Top of DATA SHOWN

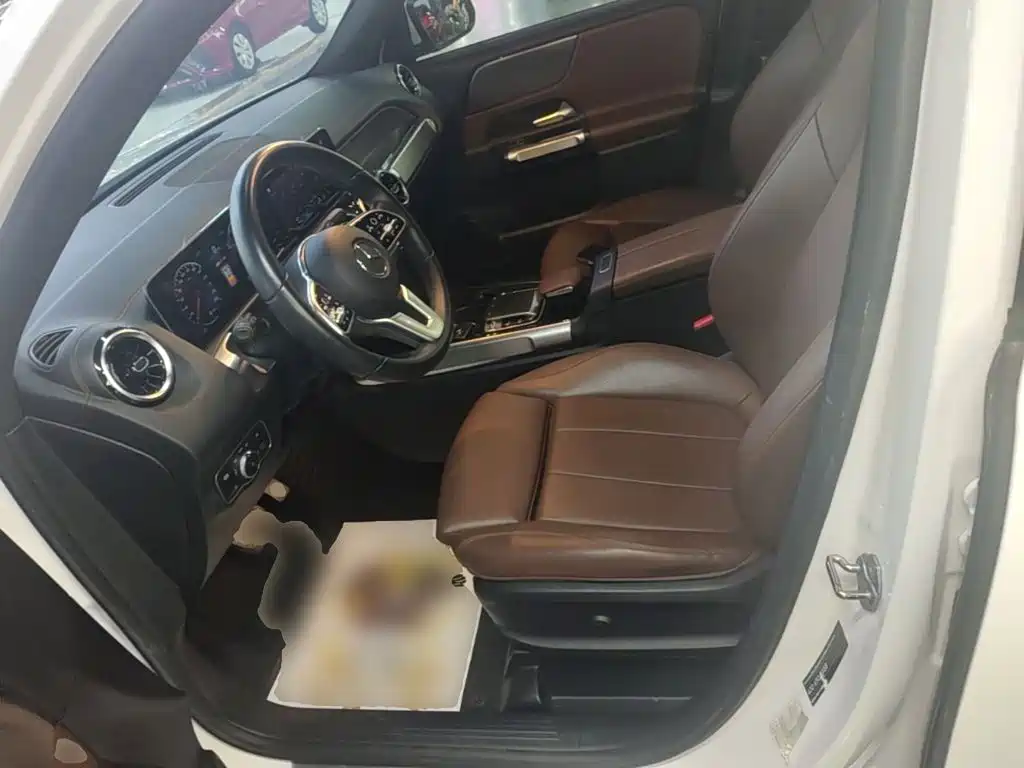 Mercedes-Benz GLB — миниатюра 15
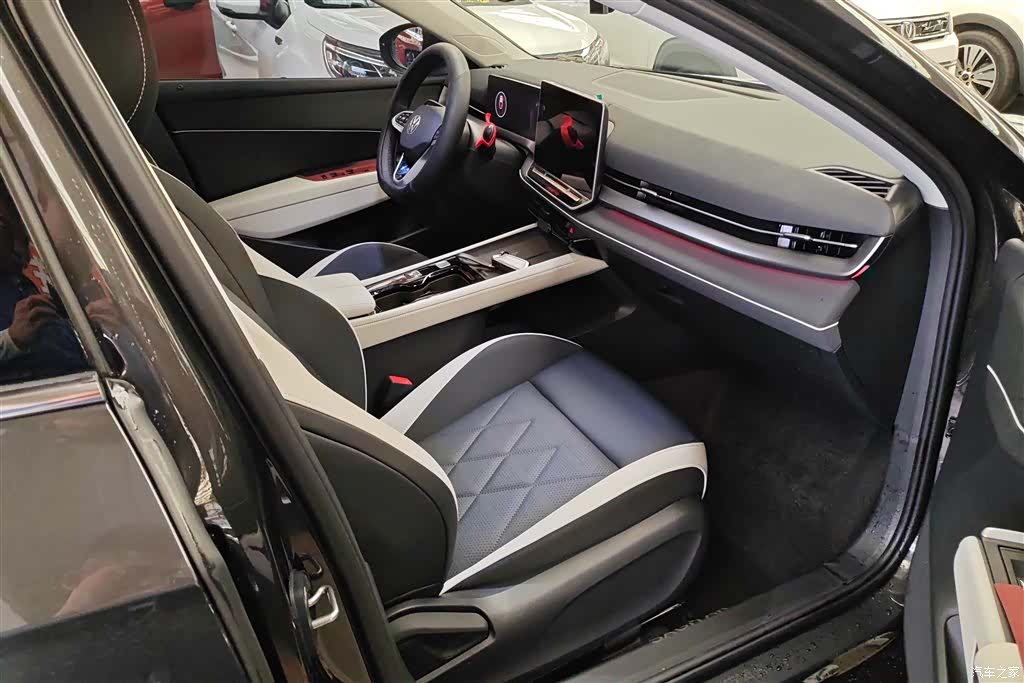 Volkswagen Sagitar, 2025 8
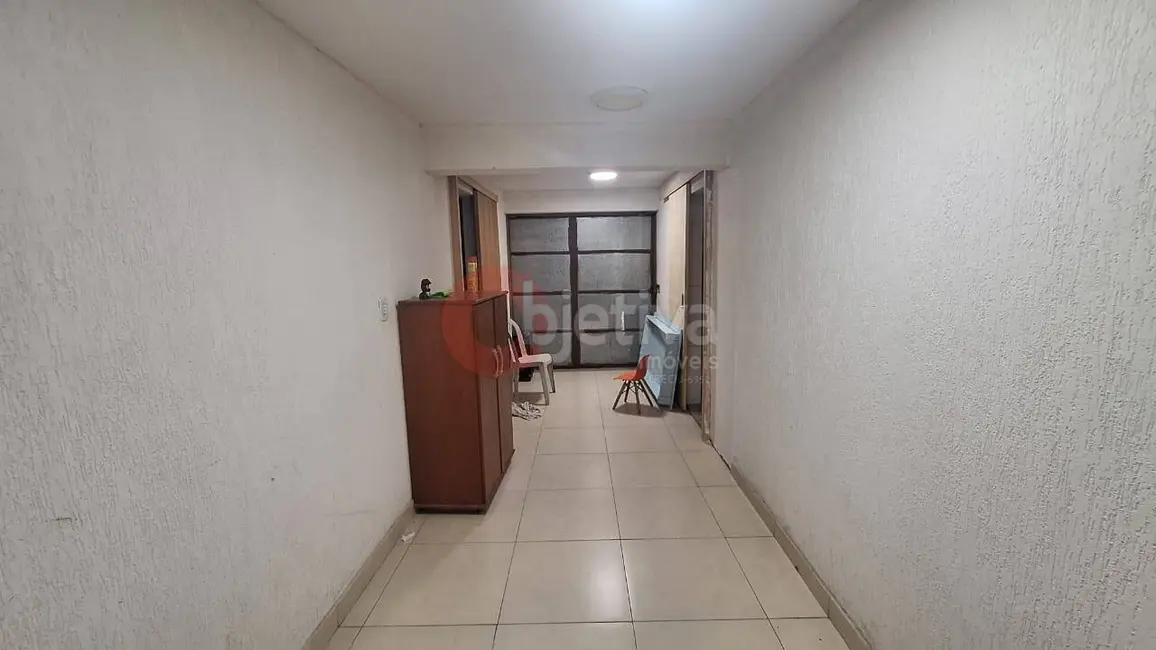 Sala Comercial à venda, 720m2 em Cabo Frio - RJ - imagem 8 Foto 8 de Sala Comercial à venda, 720m2 em Cabo Frio - RJ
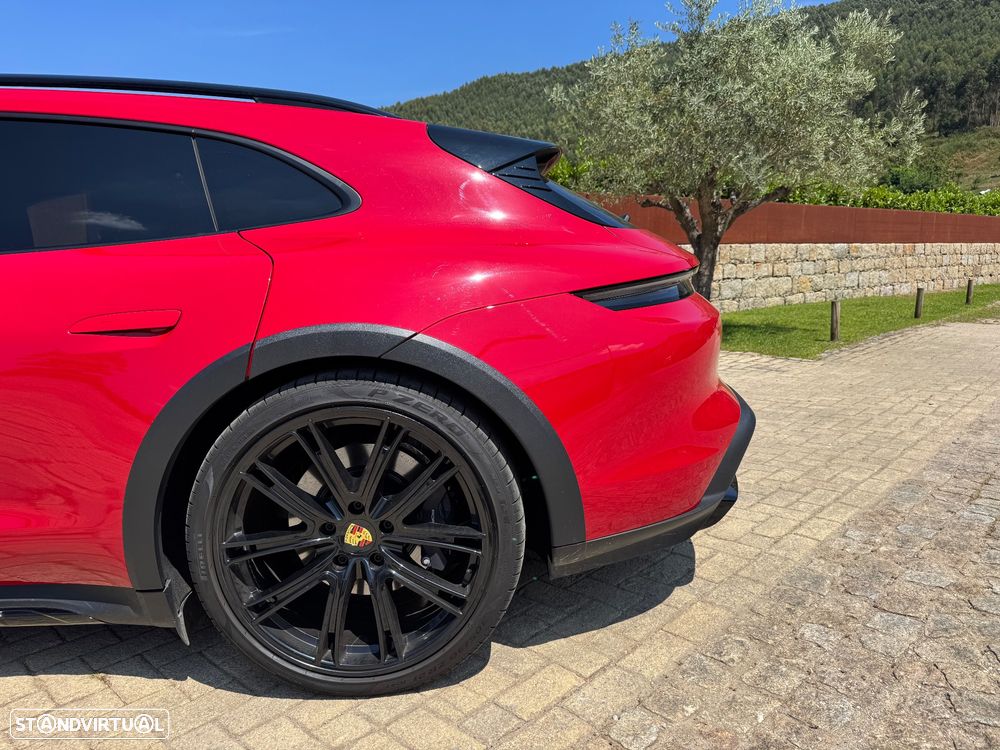 Porsche Taycan Cross Turismo 4 - 20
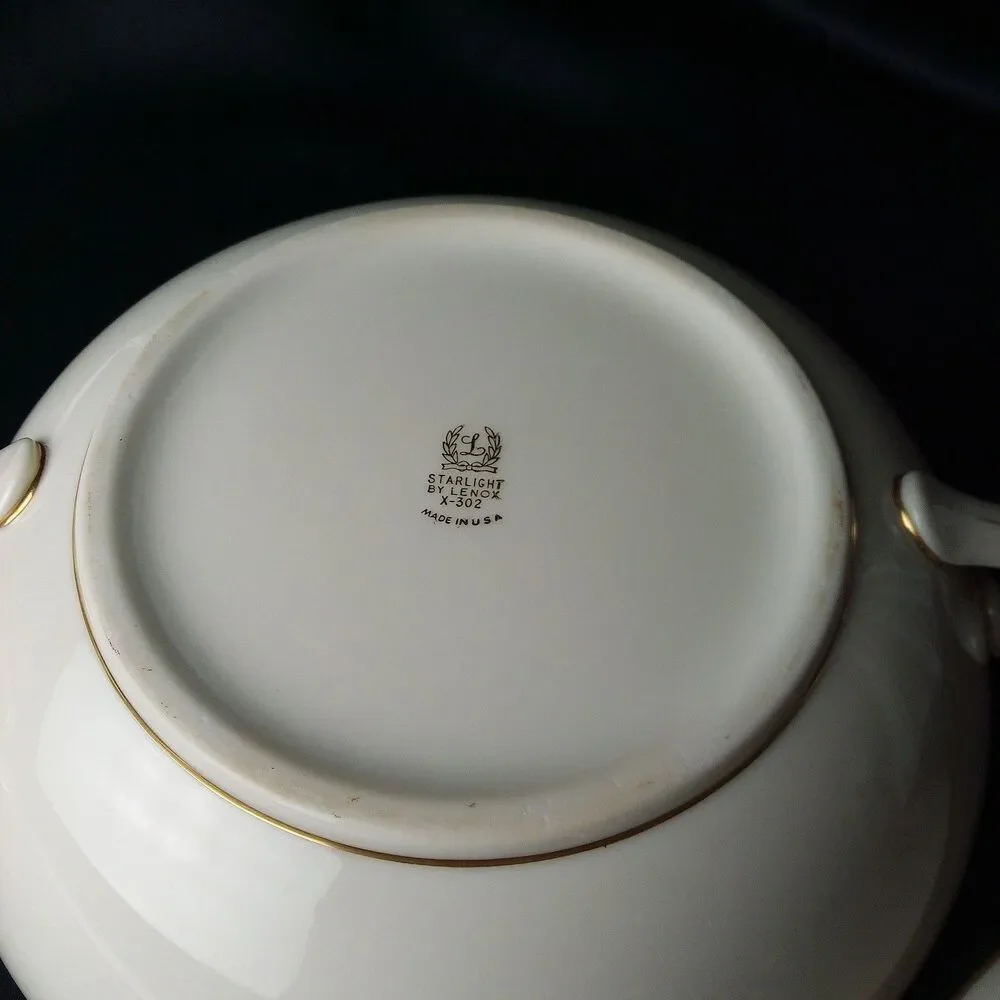 VINTAGE LENOX STARLIGHT GOLD TRIM 8 1/2'' COVERED VEGETABLE SERVING BOWL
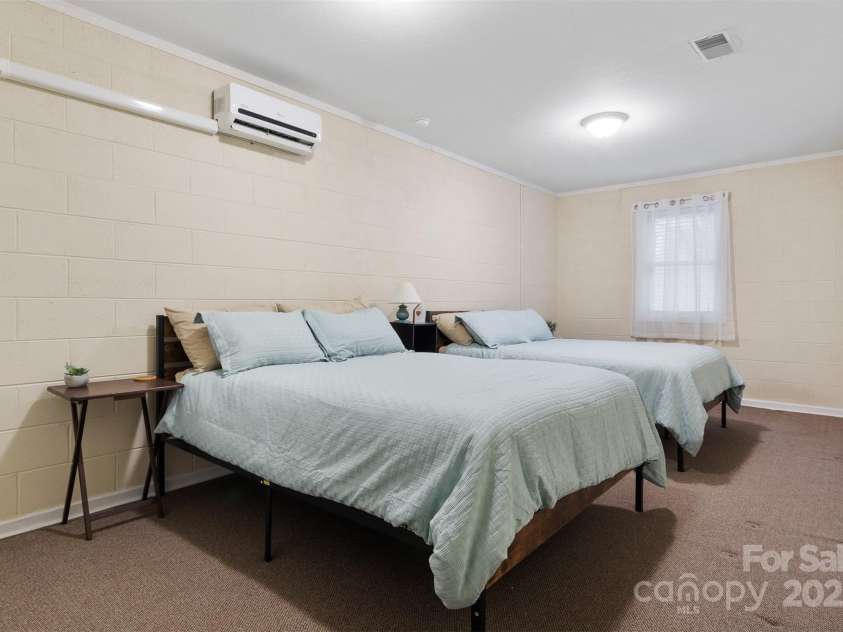 3541 Hezekiah Drive, Lenoir, NC 28645.  MLS# CAR4225336, YatesRealty ID 6974. 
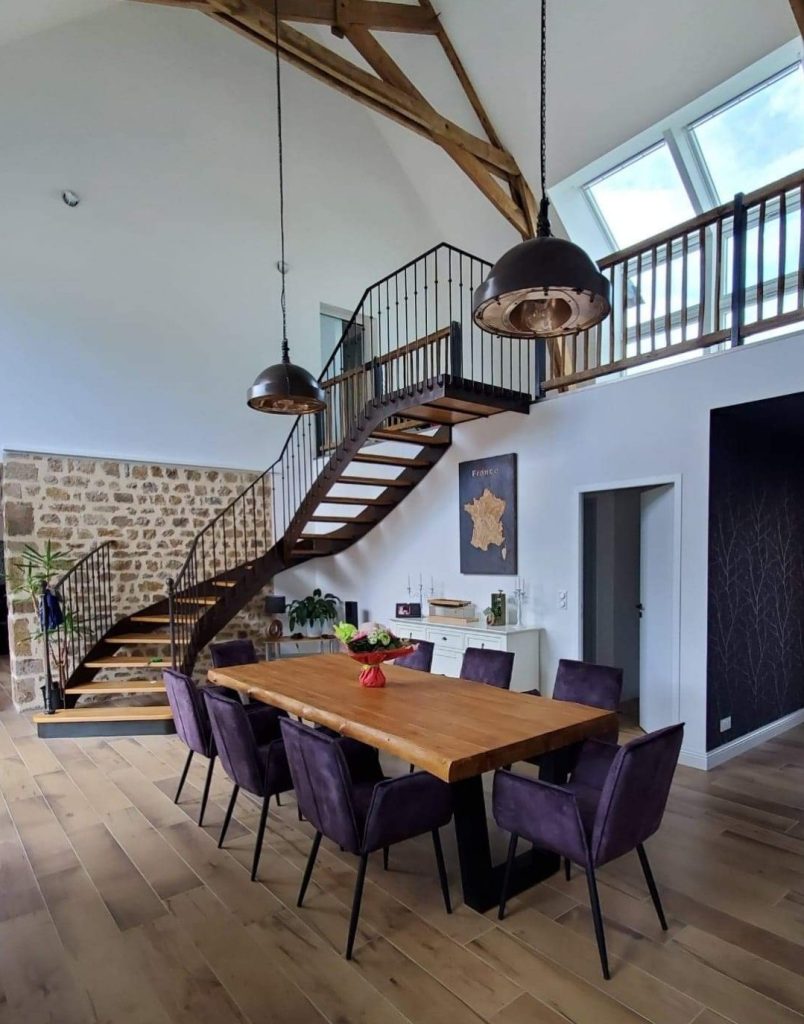 Escalier métal et bois avec garde-corps à barreaux verticaux sur mesure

Bottom of DATA SHOWN

▶ _WHAT IS NEEDED_
Only what runs from the line holding "RJ - imagem" through the end of the entries above is to be given again, exactly, with every picture omitted.

▶ _SOLUTION TO THIS EXERCISE_
 Sala Comercial à venda, 720m2 em Cabo Frio - RJ - imagem 8 Foto 8 de Sala Comercial à venda, 720m2 em Cabo Frio - RJ
 Porsche Taycan Cross Turismo 4 - 20
 VINTAGE LENOX STARLIGHT GOLD TRIM 8 1/2'' COVERED VEGETABLE SERVING BOWL
 3541 Hezekiah Drive, Lenoir, NC 28645.  MLS# CAR4225336, YatesRealty ID 6974. 
 Escalier métal et bois avec garde-corps à barreaux verticaux sur mesure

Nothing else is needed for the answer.